Task to carry out: Instruction for the entries below: return the part that opens with the line containing "Velvet Syngonium (Syngonium wendlandii)" and closes with the line containing "Raw Champignon heap for cooking photo", exactly, and no pictures.

─── Extracted material

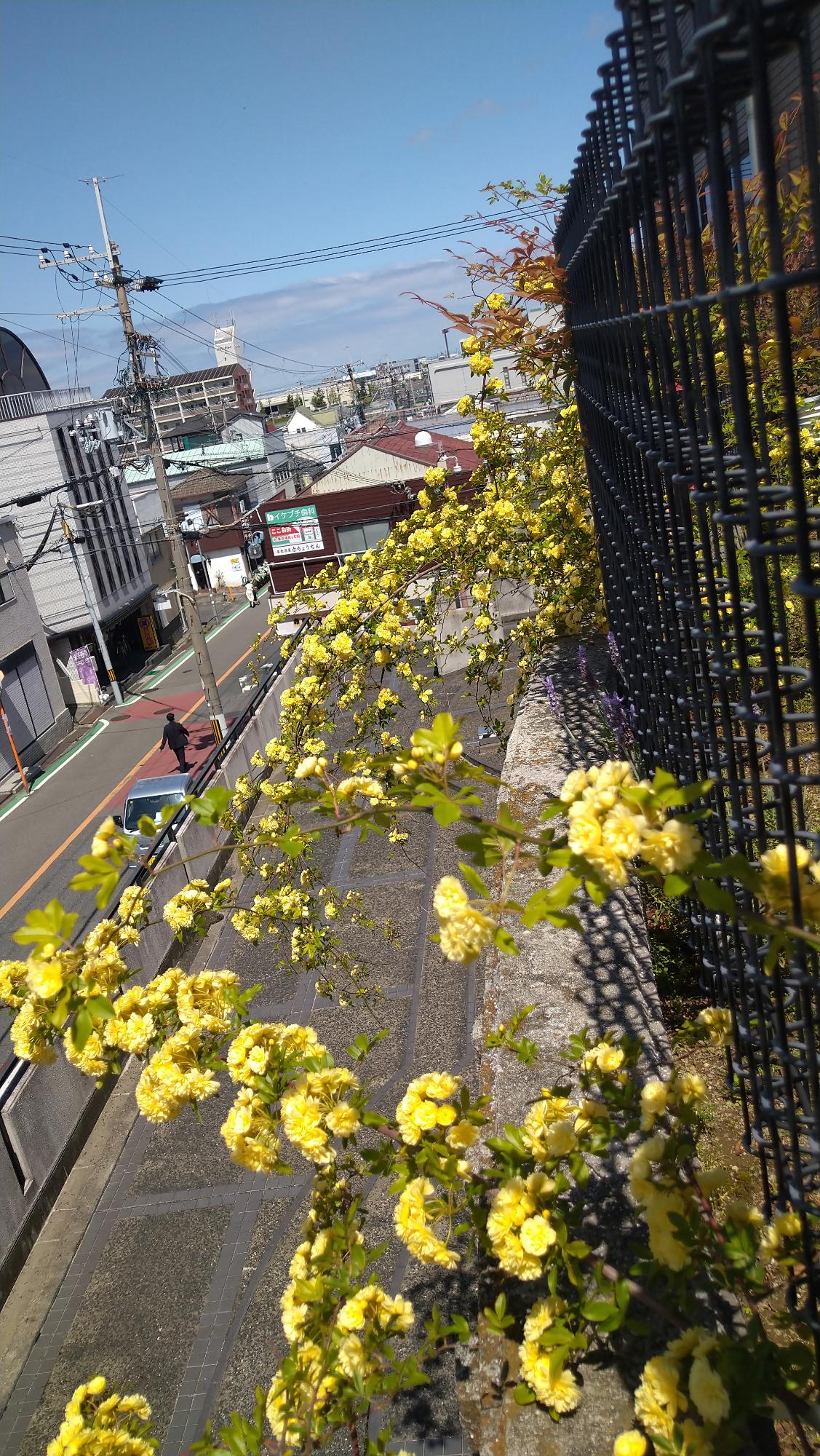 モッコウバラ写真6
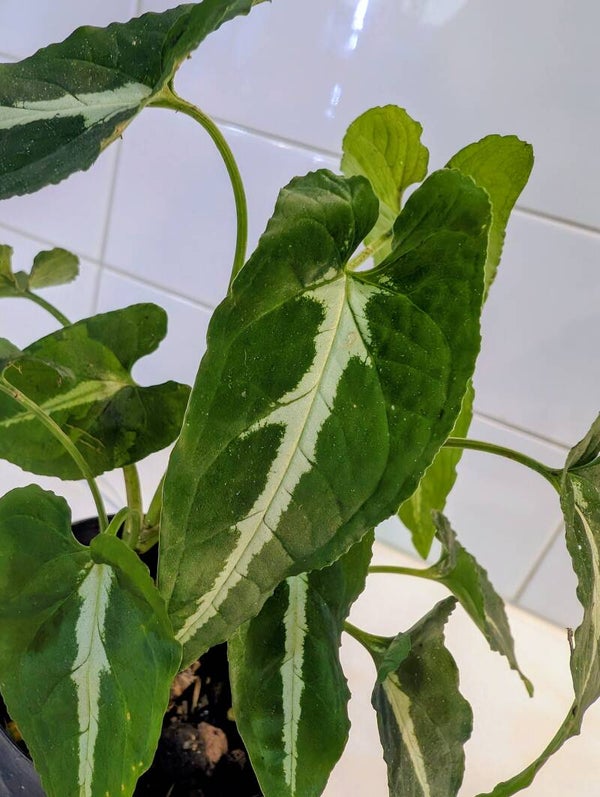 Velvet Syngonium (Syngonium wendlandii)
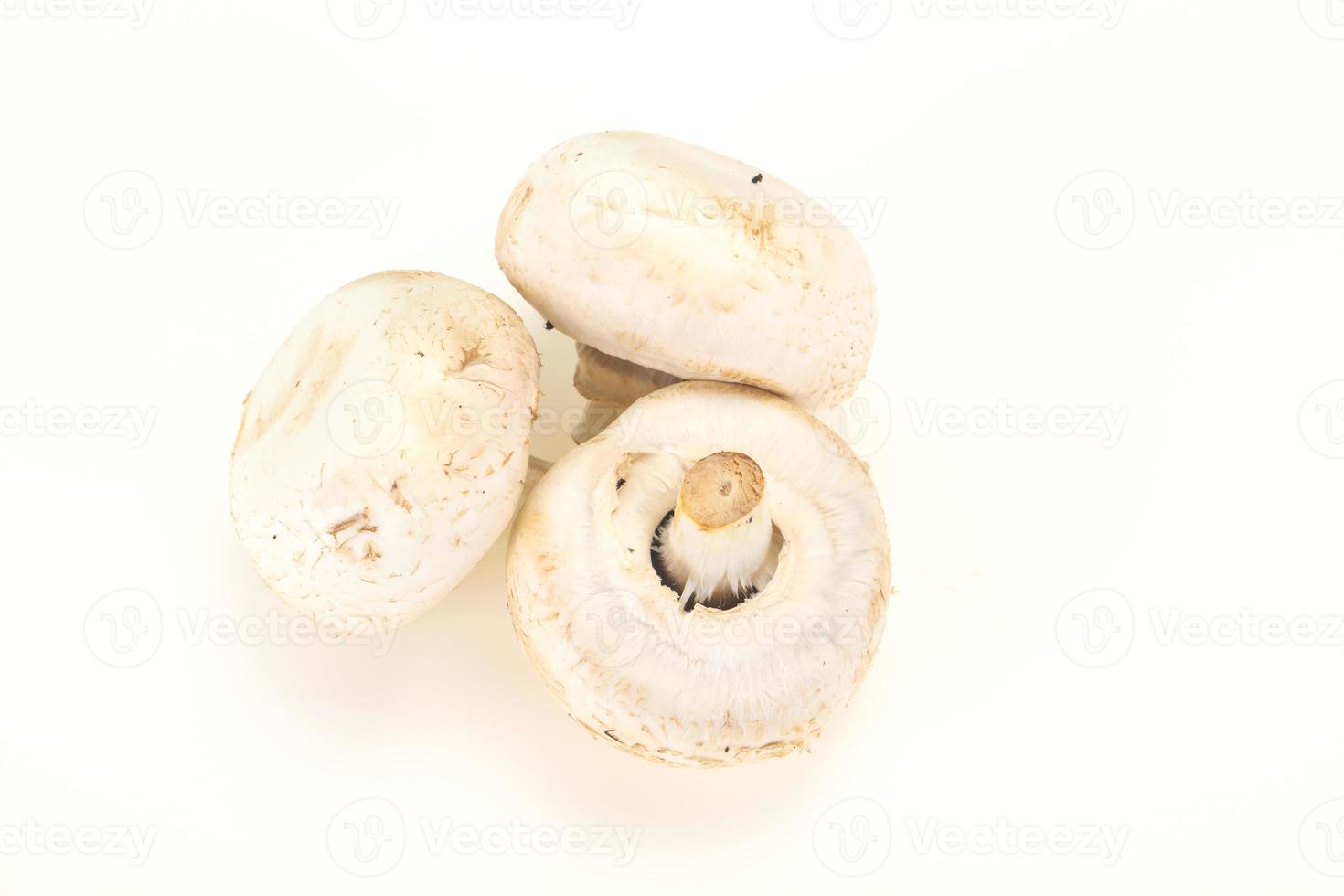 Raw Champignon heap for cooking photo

──────
─── Extracted material

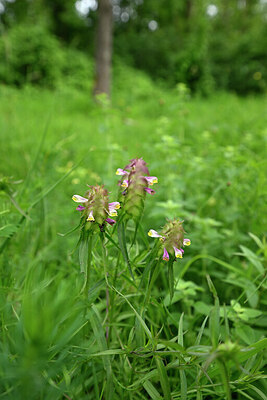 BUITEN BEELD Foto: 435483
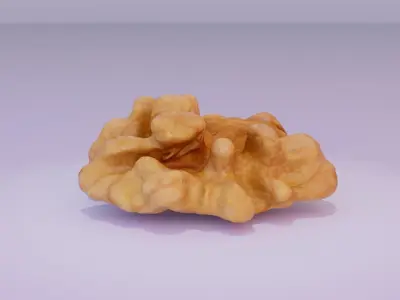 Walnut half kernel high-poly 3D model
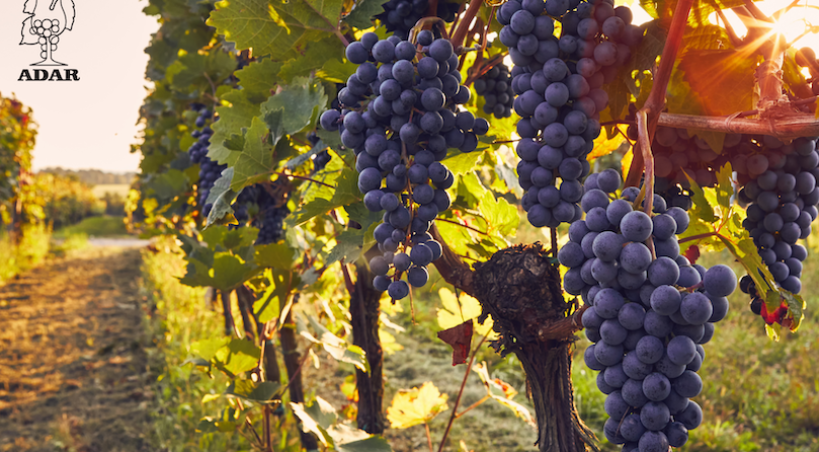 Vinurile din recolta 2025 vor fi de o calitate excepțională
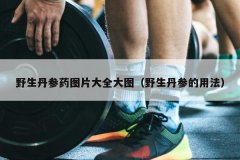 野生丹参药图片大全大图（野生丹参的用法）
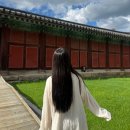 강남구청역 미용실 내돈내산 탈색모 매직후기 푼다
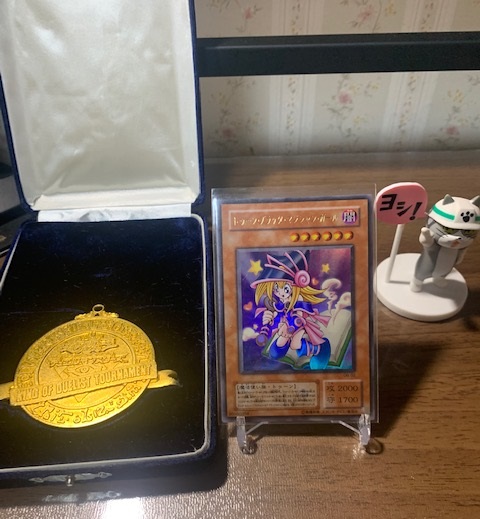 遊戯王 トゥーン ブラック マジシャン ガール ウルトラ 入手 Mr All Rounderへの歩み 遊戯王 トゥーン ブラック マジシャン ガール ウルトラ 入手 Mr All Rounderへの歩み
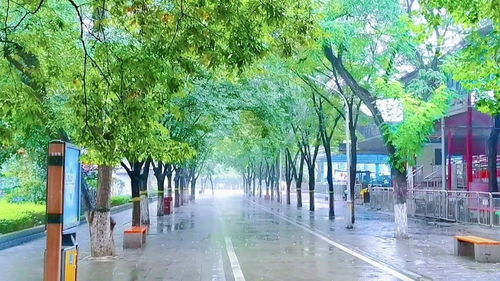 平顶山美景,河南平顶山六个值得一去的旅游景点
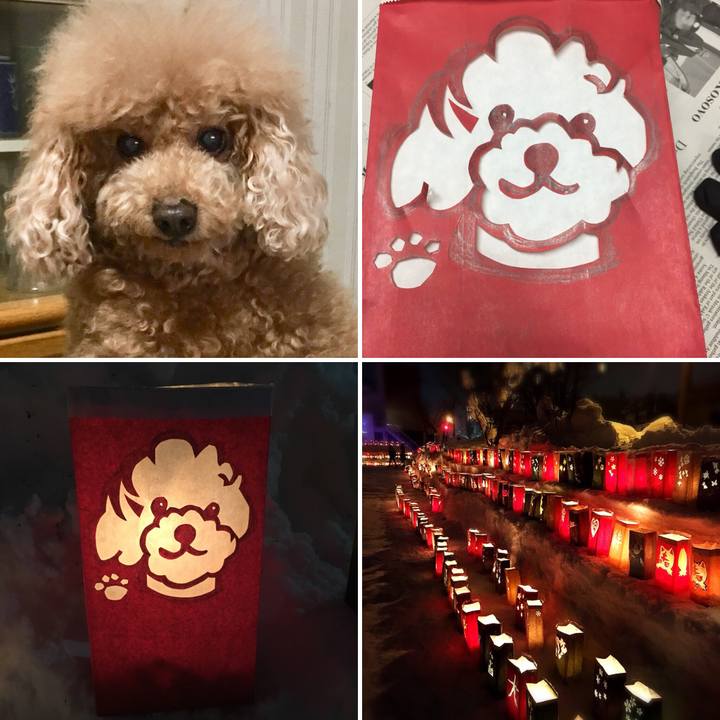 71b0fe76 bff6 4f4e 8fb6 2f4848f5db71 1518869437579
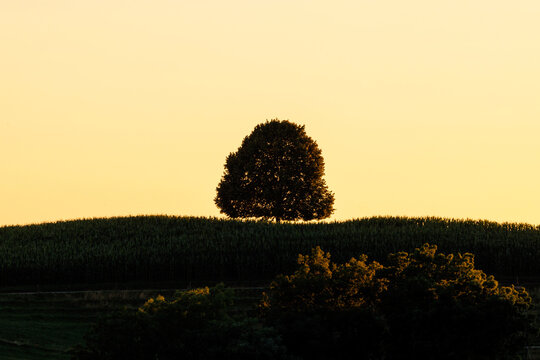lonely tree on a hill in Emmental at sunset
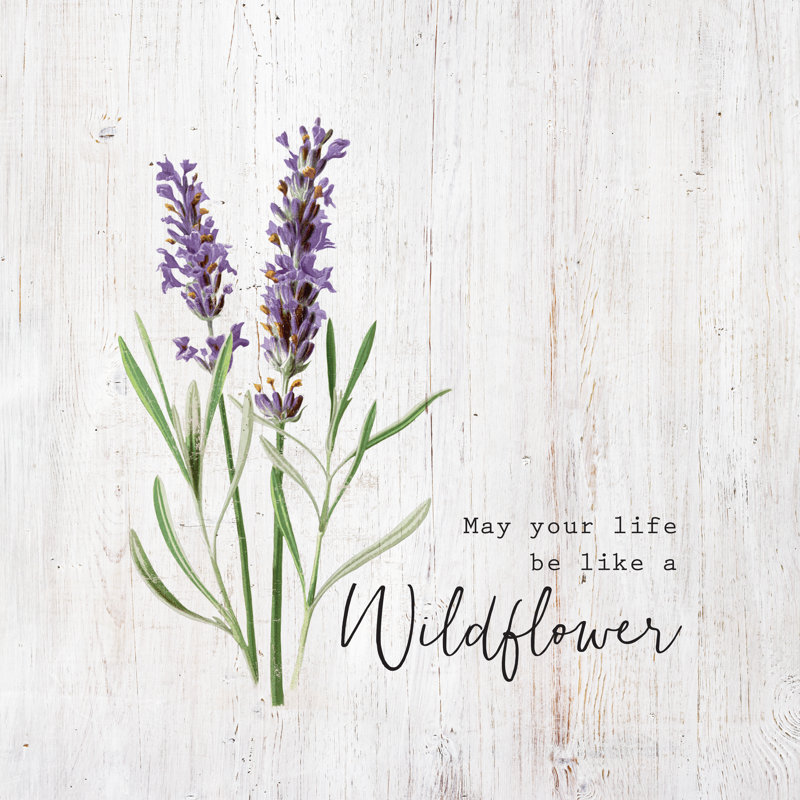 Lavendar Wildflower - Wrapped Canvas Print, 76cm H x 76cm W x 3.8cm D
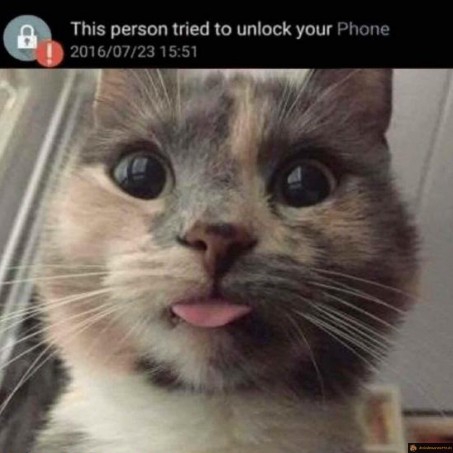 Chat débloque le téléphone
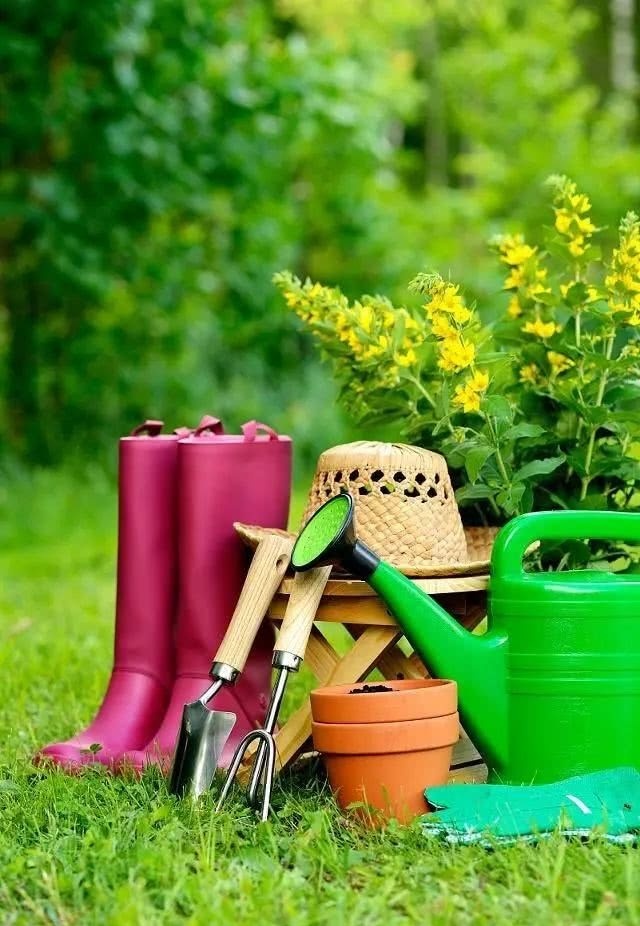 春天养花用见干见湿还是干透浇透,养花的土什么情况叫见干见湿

──────
─── Extracted material

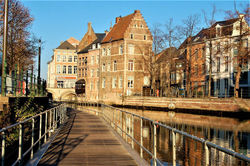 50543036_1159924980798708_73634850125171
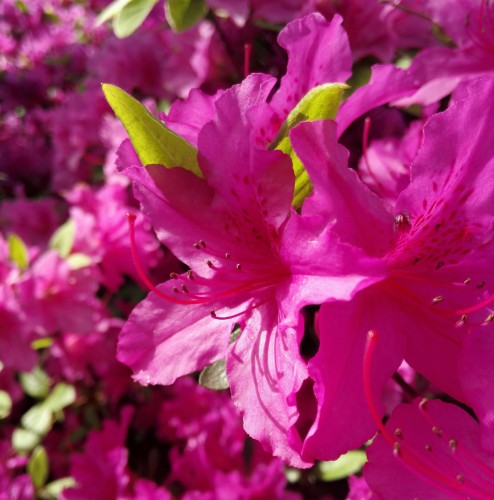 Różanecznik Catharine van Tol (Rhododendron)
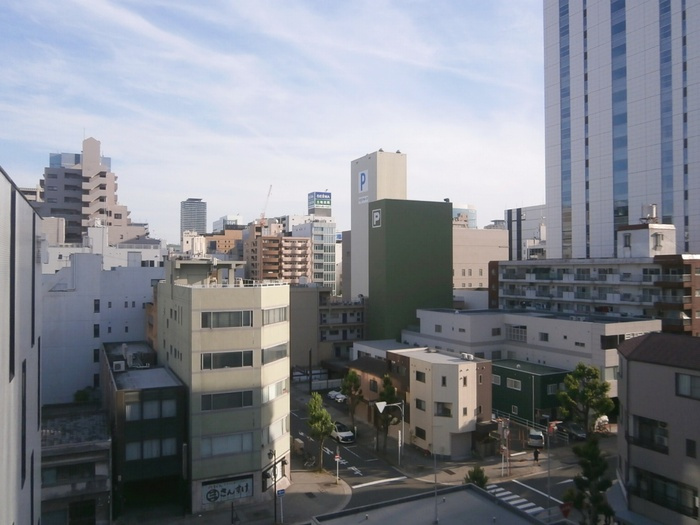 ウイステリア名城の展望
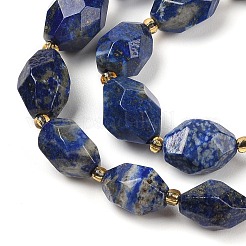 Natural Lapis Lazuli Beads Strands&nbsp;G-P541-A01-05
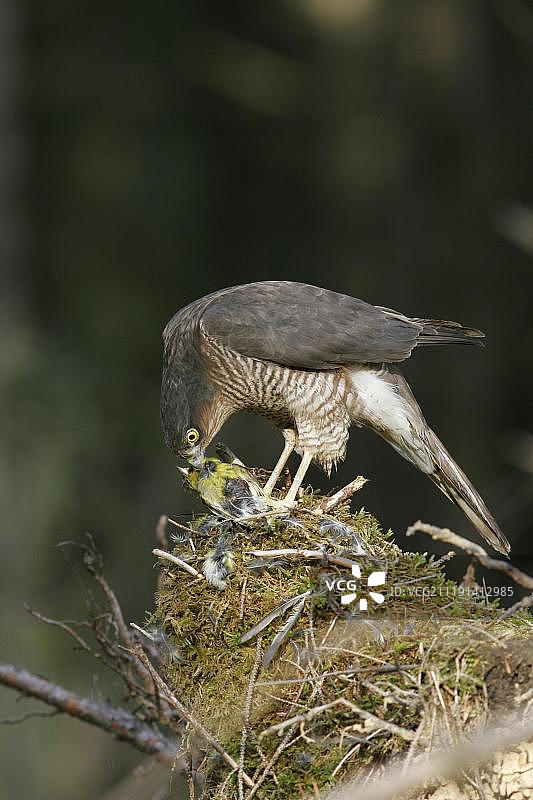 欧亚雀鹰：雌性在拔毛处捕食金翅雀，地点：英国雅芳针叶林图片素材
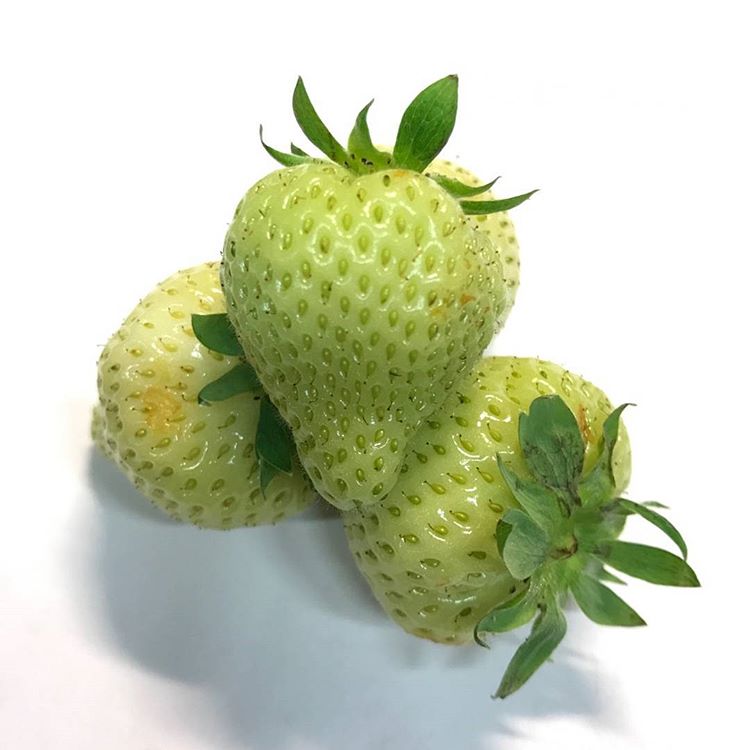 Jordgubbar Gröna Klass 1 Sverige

──────

Expected answer:
 Velvet Syngonium (Syngonium wendlandii)
 Raw Champignon heap for cooking photo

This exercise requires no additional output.